Country Report Myanmar January 2011

Economic policy: Public debt soars, despite a further rise in tax revenue

Central government tax revenue rose by 26.8% year on year in April-August, the first five months of fiscal year 2010/11 (April-March). According to recently revised data, central government tax revenue (including customs duties) rose to Kt391bn (US$70bn at the official exchange rate, or around US$403m at the free-market rate). Growth in revenue in April-August was driven by a 58% year-on-year rise in commodity, services and commercial tax income, to Kt211.6bn, as well as an increase of close to 82% in customs revenue, to Kt24.6bn. However, the revised data show that receipts of income tax (the second-largest revenue category) fell by 13.8%, to Kt92.7bn.
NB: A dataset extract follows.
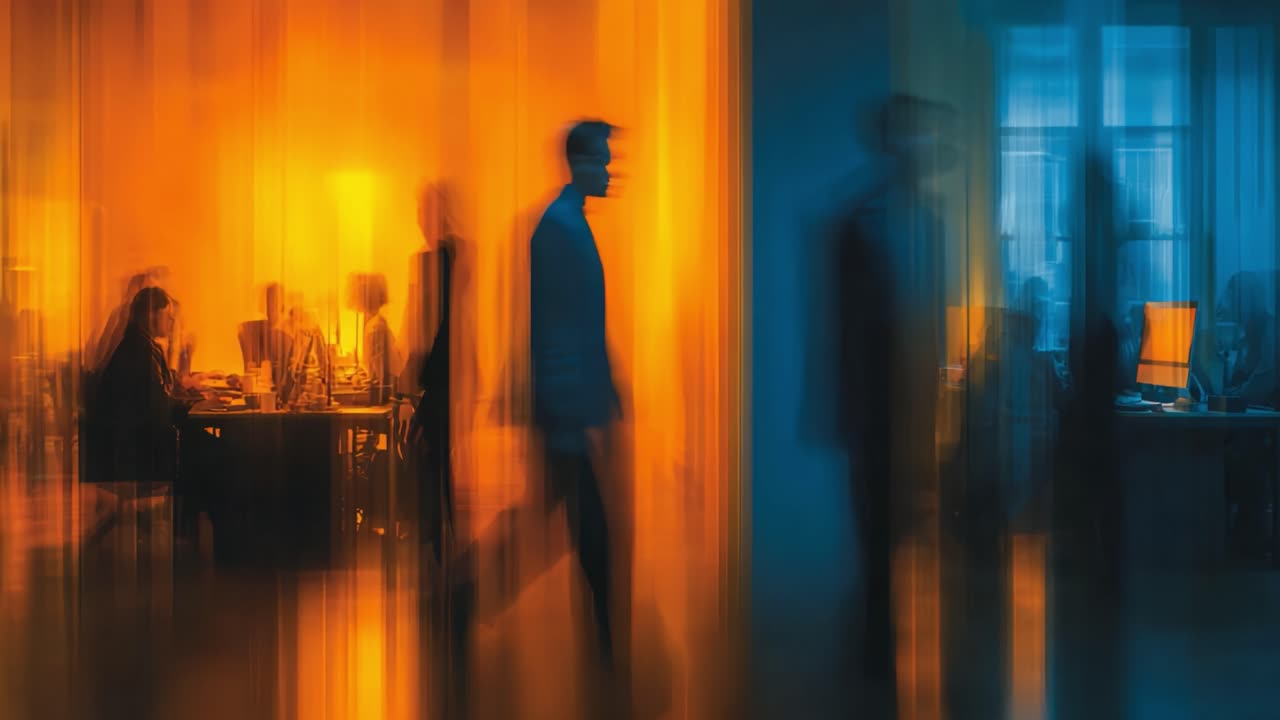 Dynamic Interplay of Light and Motion in an Office Setting: A Visual Exploration of Professional Life Through Color and Movement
The rapid build-up of the government's debt stock continued in August, suggesting that the junta continues to run a large budget deficit. The stock of five-year bonds surged to Kt389bn at the end of August, from Kt342bn at the end of July and Kt267bn at end-June. The stock of bonds of this maturity has more than doubled in five months, from only Kt182.6bn at the end of March. The value of outstanding three-year government bonds continued to fall in August, to Kt729bn, from Kt740bn at the end of July and from Kt751bn at the end of June, as repayments continued to outstrip new sales. However, the combined value of outstanding three- and five-year bonds rose to Kt1.1trn (US$196bn at the official exchange rate, or around US$1.1bn at the free-market rate) at the end of August, up steeply from Kt297bn at the end of March 2009 and just Kt178bn at end-March 2008.